Separata, sola, era reduce da un matrimonio fallito e dalla traumatica esperienza della morte del suo nuovo compagno, stroncato da un infarto. Ogni giorno la dottoressa 53enne affrontava le emergenze del pronto soccorso oncologico, dove lavorava con una umanità e professionalità apprezzate da tutti i suoi colleghi. Salvava vite, a volte, ma non la sua, spezzata da una roncola a pochi passi dall'auto che stava raggiungendo nel parcheggio dell'ospedale. Mentre le indagini, che vagliano tutte le piste, si concentrano sul ritrovamento, a Martinsicuro (Teramo), di una Peugeot 206 bianca sporca di sangue, si cerca l'uomo che Ester aveva denunciato.

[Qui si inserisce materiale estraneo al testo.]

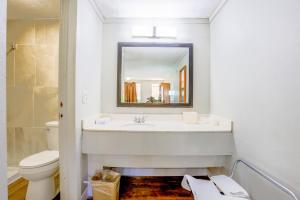 Queen Bed Non-Smoking room in Cozy Garden Inn By OYO Hwy 40 Richmond
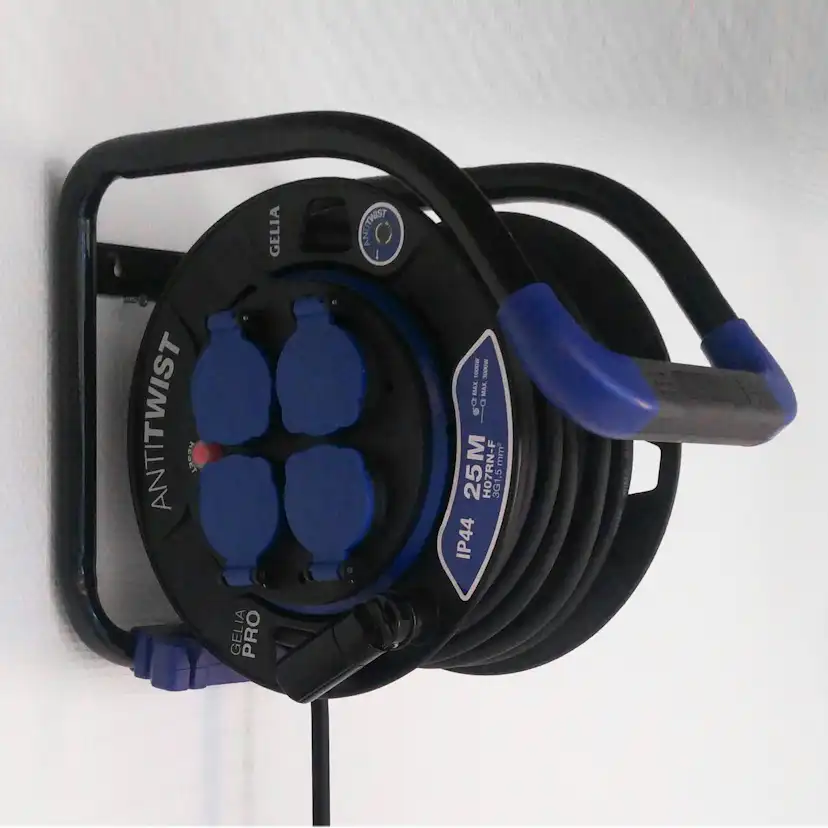 Kabelvinda Gelia med Lock och Stålstativ Jordad Fast Nav/Anti-twist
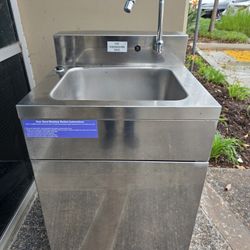 
Hybrid (contact info removed) Stainless Steel Portable Hand Sink “NO TOUCH” Electric 120v or Battery Operated.
New one Price over $1,600.00
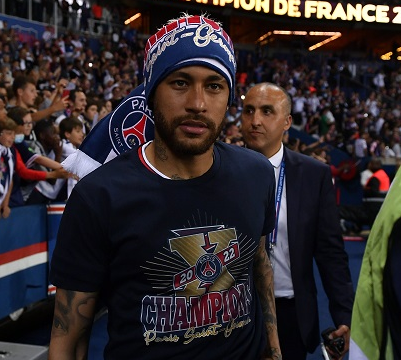 Neymar comemora título francês do PSG na temporada 2021/2022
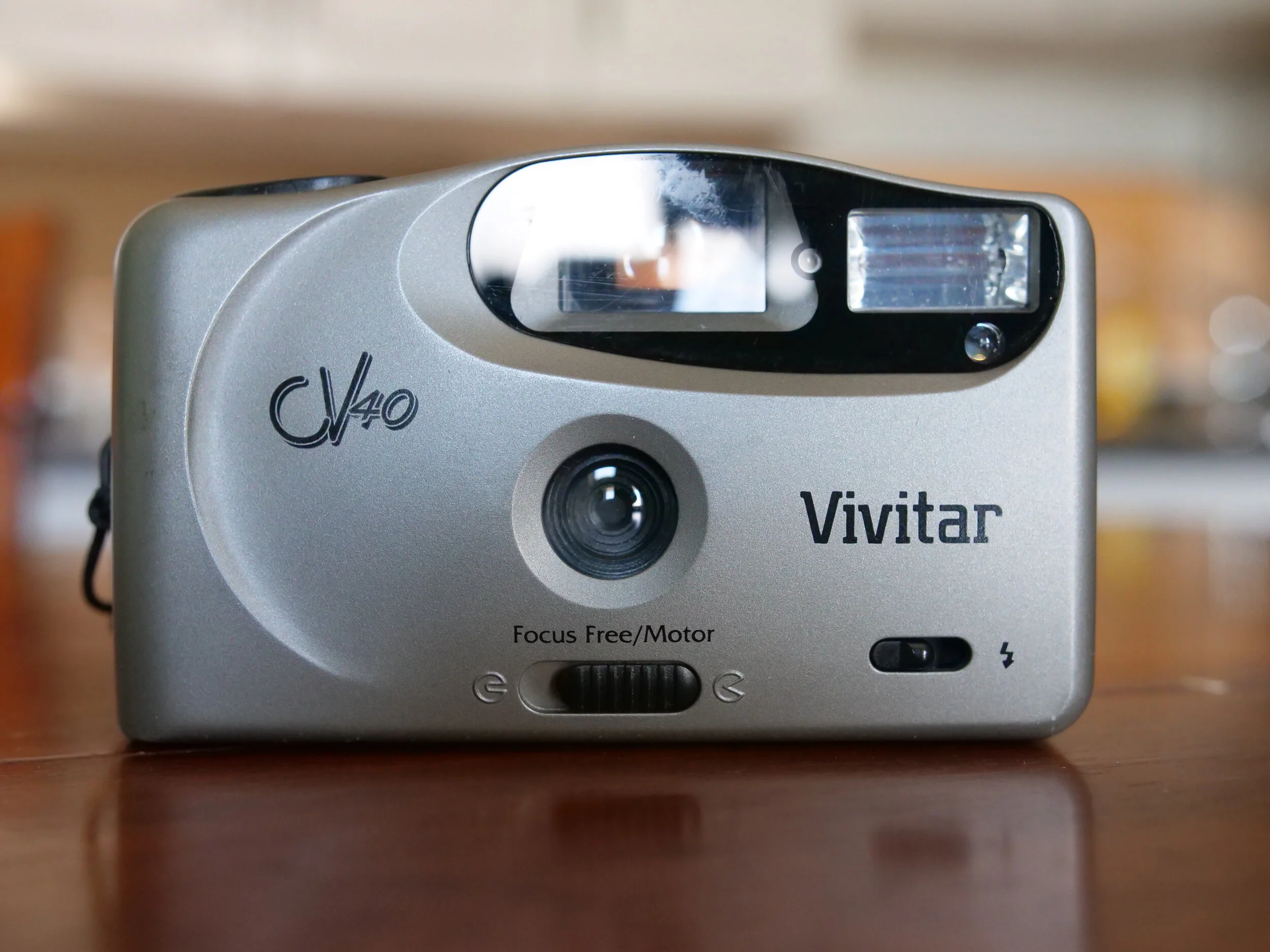 Vivitar CV40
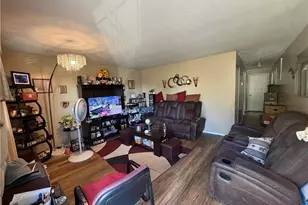 362 Brace Ave, Elyria, OH 44035 - Photo 3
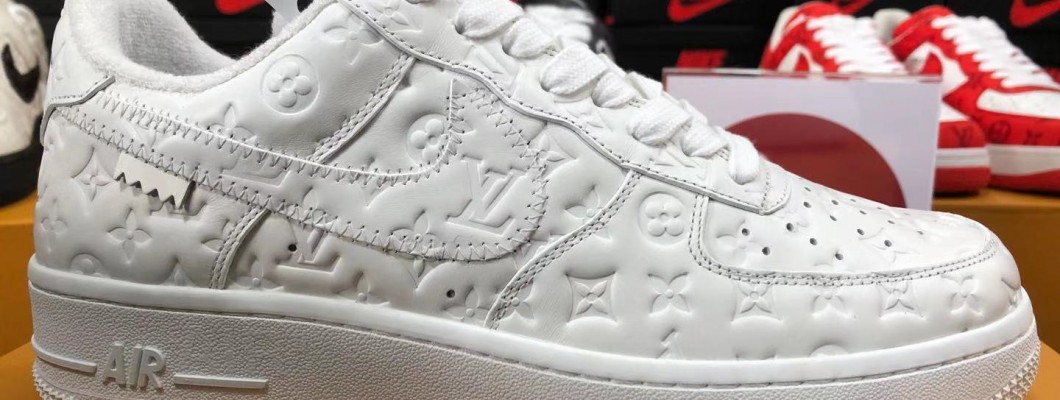 LV Louis Vuitton x Air Force 1 Trainer Sneaker white Kickbulk Sneaker Camera photos LV Louis Vuitton x Air Force 1 Trainer Sneaker white Kickbulk Sneaker Camera photos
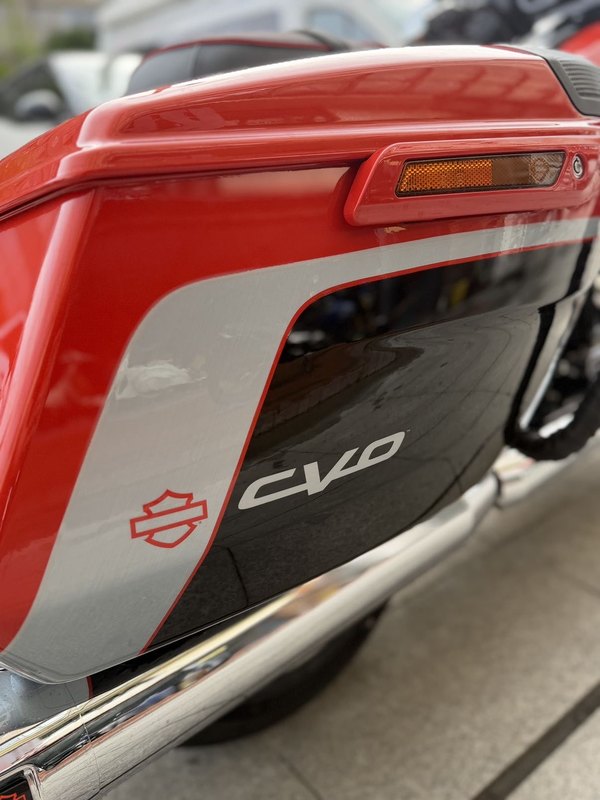 二手哈雷戴维森大道滑翔 Street Glide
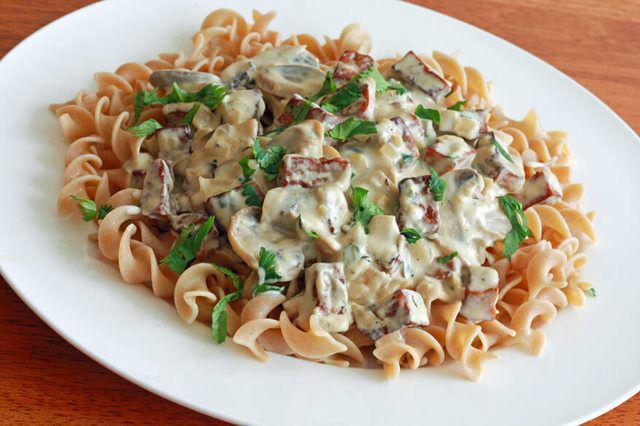 รูปภาพ:http://daringgourmet.com/wp-content/uploads/2013/01/Tofu-Stroganoff-1-sm.jpg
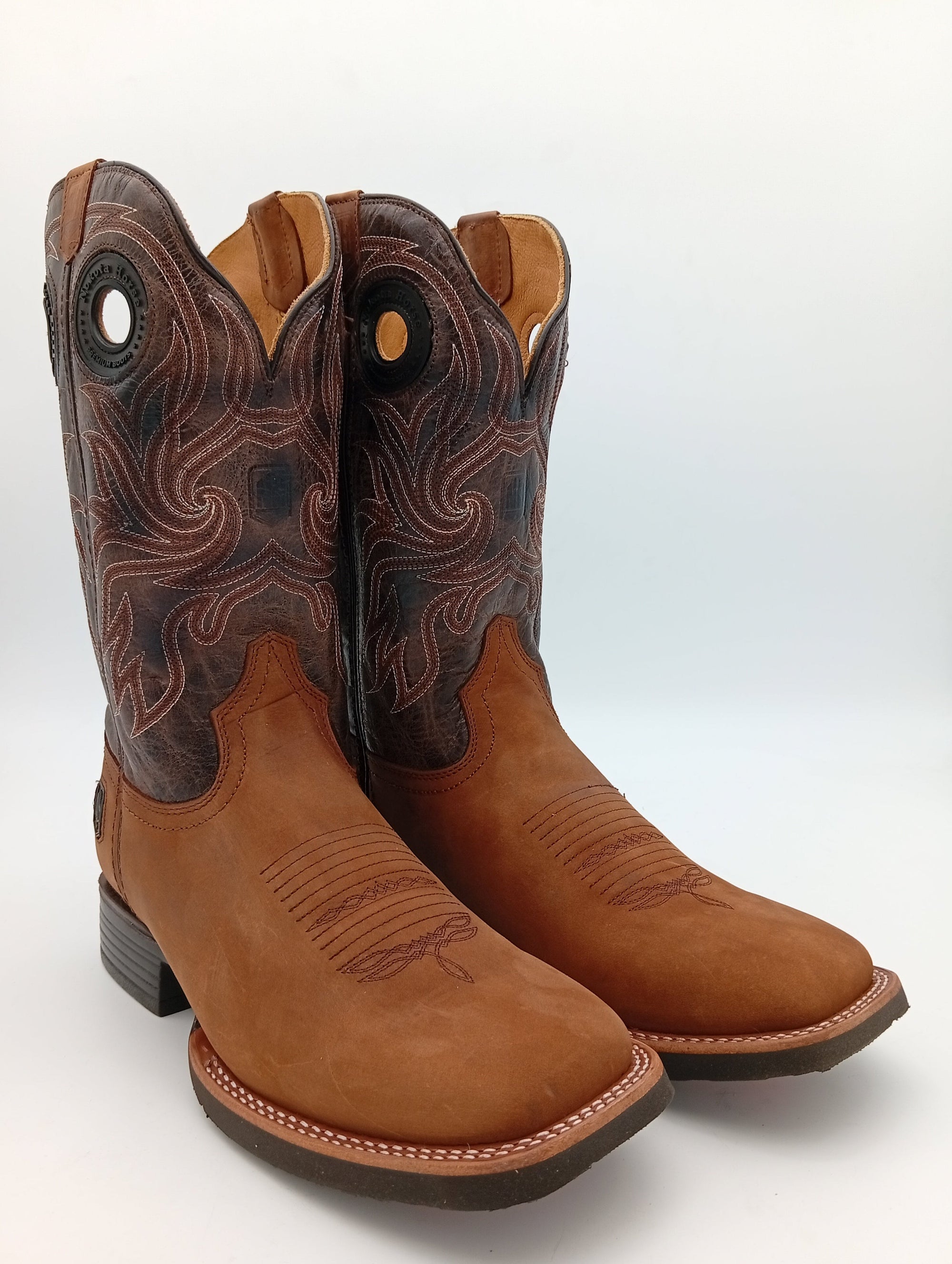 BOTA NOKOTA HORSE MORGAN BULL CRAZY MIEL CABALLERO CON SUELA DE HULE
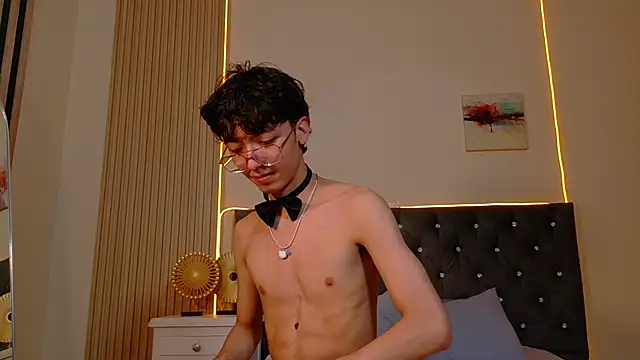 Twink_Sebas7 Webcam show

Il suo, si va ad aggiungere alla catena di femminicidi che insanguinano l'Italia, provando la triste verità che anche in contesti lontani dalla criminalità e dal degrado si consumano violenze terribili e perpetrate nel tempo. Non solo, l'ennesimo omicidio di genere riapre il dibattito sulla necessità di attività di prevenzione che prevengano la violenza. Troppo spesso alcuni segnali vengono sottovalutate.

Ne è un esempio il caso della sentenza – che fa scuola – con la quale la Corte d'appello di Messina ha condannato i magistrati che lasciarono nella possibilità d'azione marito violento di Marianna Manduca, che aveva denunciato il marito, Saverio Nolfo, ben 12 volte prima di essere uccisa da questi con un coltello. Secondo la Corte ci fu ‘dolo e colpa grave nell'inerzia' dei giudici che non intervennero di fronte alle testimonianze della vittima. Marianna, 32 anni, aveva denunciato di essere stata più volte minacciata di morte dal marito.

Nel caso del femminicidio avvenuto a Palagonia in provincia di Catania, è stato il cugino della vittima, Carmelo Calì, che ha adottato i tre figli della donna rimasti orfani a chiedere giustizia denunciando il mancato intervento dei magistrati.